─── RECORDED INFORMATION ───
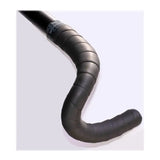 Cinta Manillar Bike Ribbon Gravel Negra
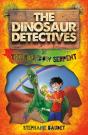 The Dinosaur Detectives In The Rainbow Serpent - Preview
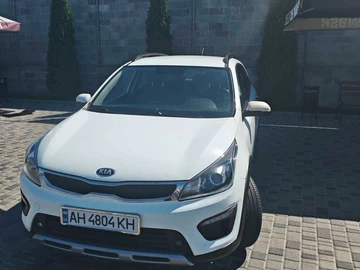 Авто KIA Avella 2018 № 8061262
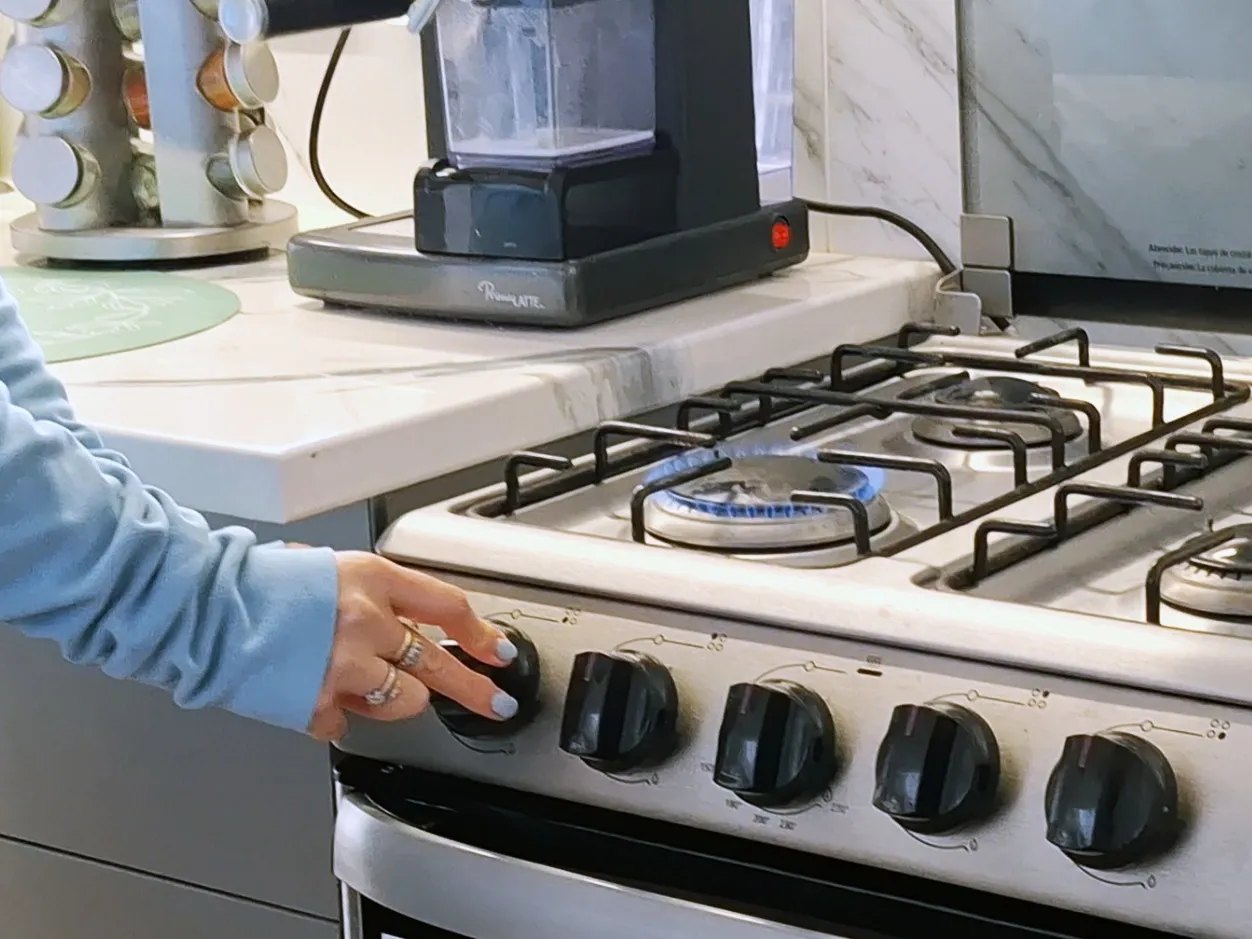 Zona Fría: Río Negro mantiene el descuento del 50%, pero las facturas de gas podrían aumentar Zona Fría: Río Negro mantiene el descuento del 50%, pero las facturas de gas podrían aumentar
───
Give back an exact copy of only the lines from the one with "The Dinosaur Detectives" through the final line of the material, both included. Pictures do not belong in it.

 The Dinosaur Detectives In The Rainbow Serpent - Preview
 Авто KIA Avella 2018 № 8061262
 Zona Fría: Río Negro mantiene el descuento del 50%, pero las facturas de gas podrían aumentar Zona Fría: Río Negro mantiene el descuento del 50%, pero las facturas de gas podrían aumentar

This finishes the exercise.